I find it ironic, that most articles about iron supplementation warn against supplementing iron without the advice of a doctor, yet cereals, such as Special K, can provide 100% of the RDA. This is iron you can collect with a magnet! I cringe thinking about how much iron is ingested by the kids who come home from school and polish off a couple of bowls of cereal and parents thinking it's OK because they're getting their nutrition.

A number of research articles on curcumin, as well as the Vitamin D post on this sight, made me suspect that iron overload, or rather iron absorption inefficiency, may be inter-related. Curcumin, apparently is an efficient iron-chelator as well as an iron regulator, seen as a bad side-effect by those researching it, but on the contrary, may be one of the reasons it demonstrates the anti-inflammatory, anti-oxidant, anti-cancer, anti-sceptic etc. results that have been summarized in the numerous articles on pubmed.

This research needs to be sorted out.

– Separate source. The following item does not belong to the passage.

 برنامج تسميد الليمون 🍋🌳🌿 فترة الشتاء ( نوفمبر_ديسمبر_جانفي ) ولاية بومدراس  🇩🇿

It's apparent that there are a number of hereditary factors affecting iron absorption, but it's hard to tell from the research if other nutritional needs required for iron absorption aren't the real culprit for related disease causes/symptoms.

Vitamin C increases absorption of Iron when combined together at same time. Too much Iron can cause oxidation in body like a rust and cause illness. Tea can help block Iron absorption and Turmeric I believe helps rid body of excess Iron.

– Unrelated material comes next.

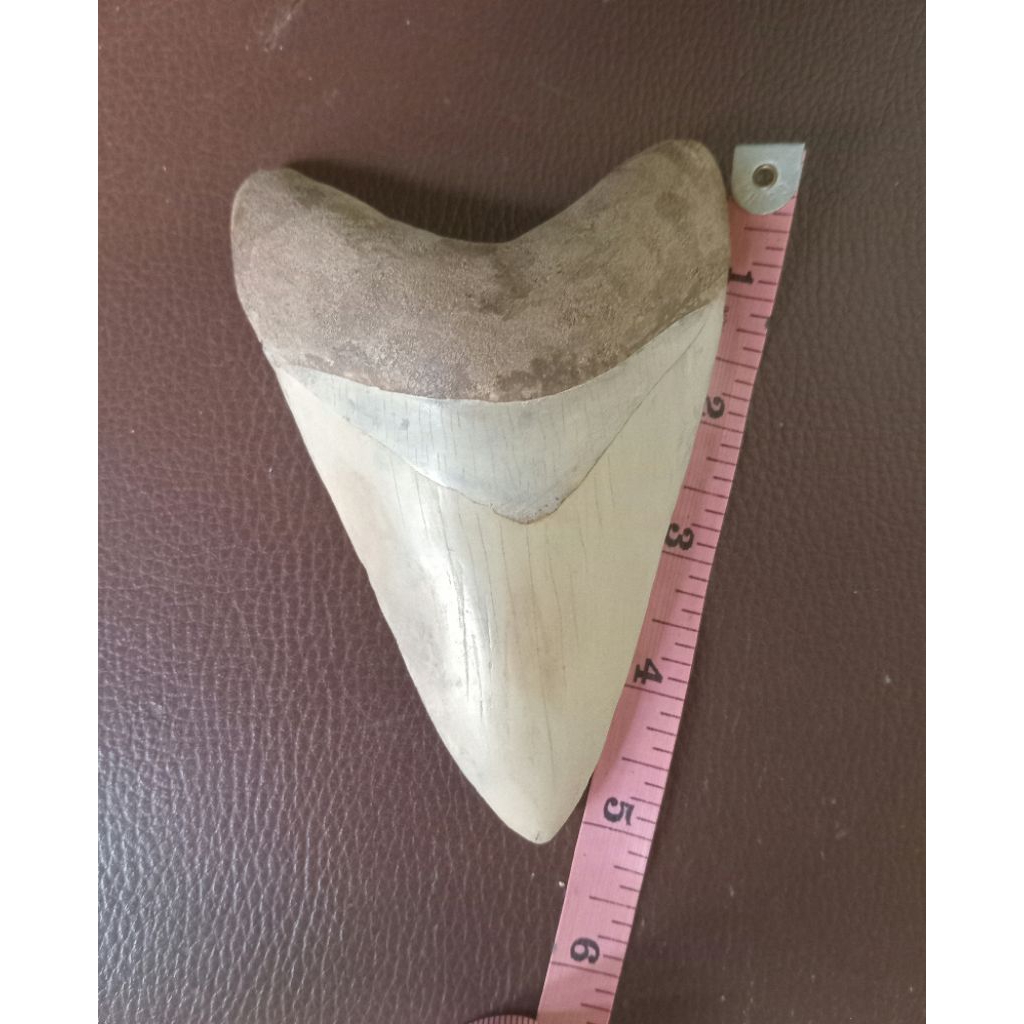 gigi Megalodon panjang 5 in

There are times when I have been turned down to donate blood because of low hemoglobin or lack of iron. Two weeks before donating blood, I decided to take iron pills. Again, my iron was below 12.5. I've just read your comment that too much iron can cause oxidation in body like a rust and cause illness. I've also been informed that if I were taking calcium at the same time - affects or negates the power of iron. Could you please comment on this.

I noticed while suffering anemia during pregnancy that calcium blocks the absorption of iron. The best way to avoid this is to NOT take calcium supplements OR milk OR anything dairy / fortified with calcium (e.g. almond milk, soy milk, etc.) at the same as your iron.

So, leave a TWO-HOUR window, both BEFORE and AFTER your iron-containing meal or supplement, with as little calcium as possible. No ice cream after dinner!! Grab some bright fruit!

Also, vitamin C boosts the absorption of iron. So, pair up your iron-rich foods with vitamin C-rich foods. E.g. spaghetti and meatballs with tomato sauce (no cheese). Lentils and spinach with tomatoes. Have an orange after you have your steak and potatoes. The foods pair naturally together, just do a little research. has excellent databases for each nutrient we need, and lists good sources for each one. For iron, it is located here:

I hope this helps someone, because anemia is very hard to live with!!

Thank you for this post. A blood test has recently shown too much iron in my blood. Having taken vitamin supplements for some years, I wonder how permanently this will affect me? When I stopped these supplements the pains in my legs disappeared as did some lethargy. I really think you are correct to highlight this overload of iron because very few people have heard of it and it may be contributory to the rise of Alzheimer's disease. Thank you.